Another strike against Blair cited by the doubters is that his mandate is narrow: to bolster the infrastructure, economy, and performance of the Palestinian Authority, while others, such as the US, retain the overall mandate to bring peace and hopefully achieve the ultimate goal of separate Palestinian and Israeli states living in harmony together. Again, the critics may be underestimating Blair's passion and skill, and a stature that previous Quartet emissaries did not have. This is, after all, the man who presided over Britain's peace pact between Roman Catholics and Protestants in Northern Ireland, a conflict with Irish Republican Army acts of terrorism as gruesome as those we have witnessed in the Middle East.

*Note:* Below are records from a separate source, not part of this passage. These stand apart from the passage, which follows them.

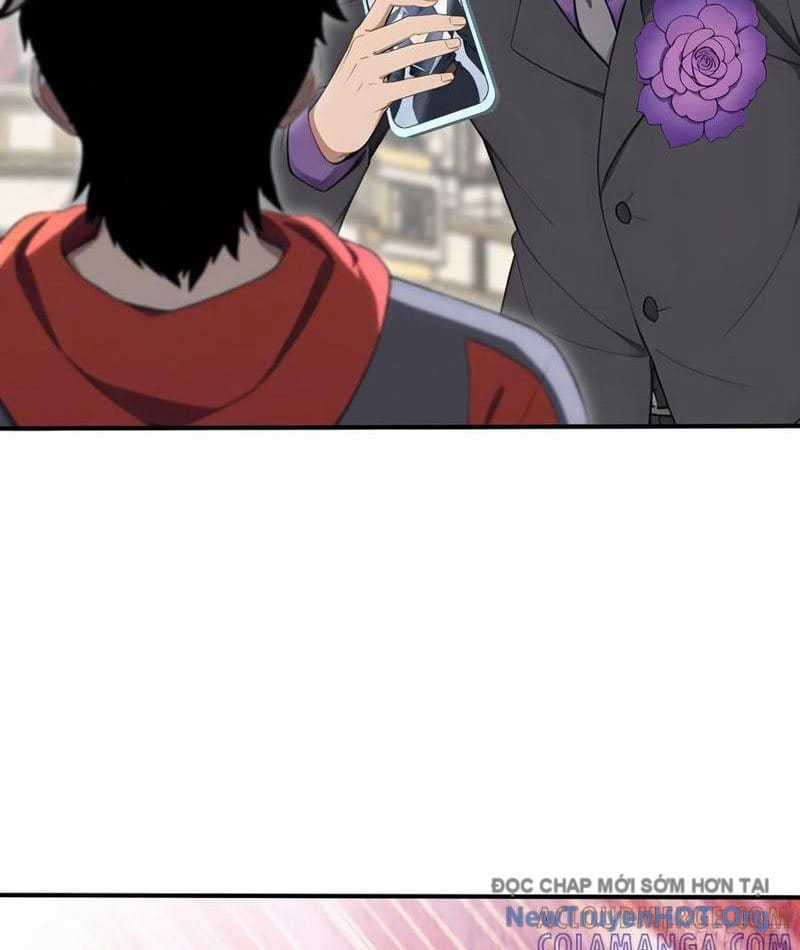 Đệ Nhất Ngự Thú Sư - Chapter 74 - Trang 49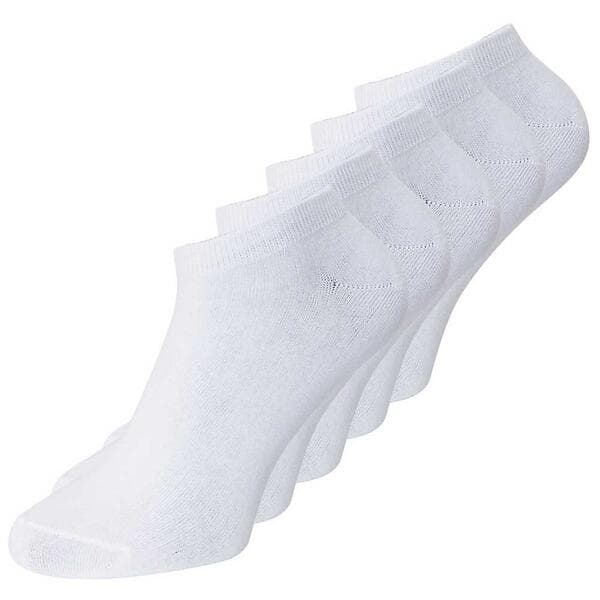 Jack & Jones Dongo Socks 10-pack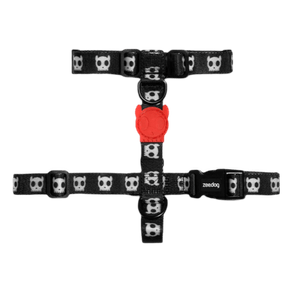 PS5549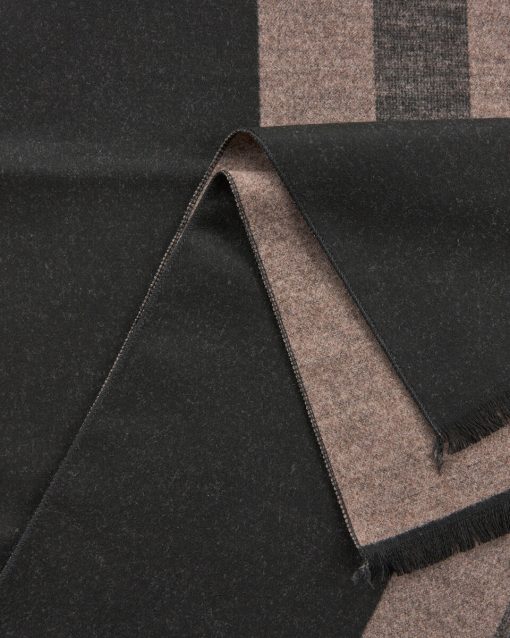 VERDE ΑΝΔΡΙΚΟ ΚΑΣΚΟΛ 59-0000097  ΚΑΦΕ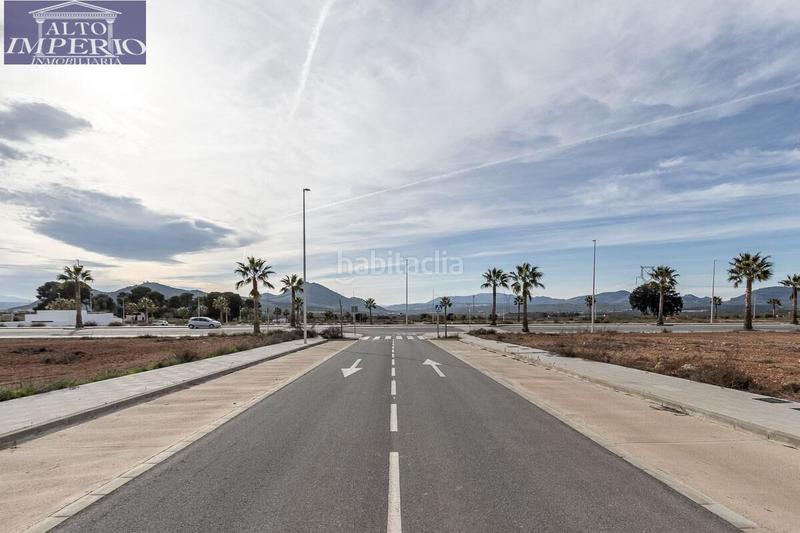 Foto eb2ee9ff-b26b-4c5b-b7ad-06ba9afdb08f. Wohngrundstück in Calicasas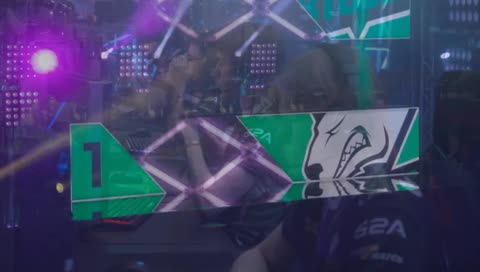 Reviewing yesterday games SO NO SPOILERS!!! !tierlist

Western leaders have responded to the intra-Palestinian struggle for power by attempting to bolster the more moderate West Bank regime at the expense of the Hamas regime in Gaza. Israel has already opened the spigot to start the flow of some $600 million withheld from the Palestinian Authority when it included Hamas members. But it is a neat trick to throw Western and Israeli money at the "moderate" regime in the West Bank without the Islamist factions and their propaganda machine in the Middle East branding the moderates as "traitors" to the Palestinian cause. Of course, Hamas is not without its own sponsors, having traditionally received an estimated $20 million to $30 million a year from Iran.
Progress in a conflict that has lasted decades? Can Blair do it? He's going to give it the old college try.
John Hughes, a former editor of the Monitor, is currently a professor of communications at Brigham Young University.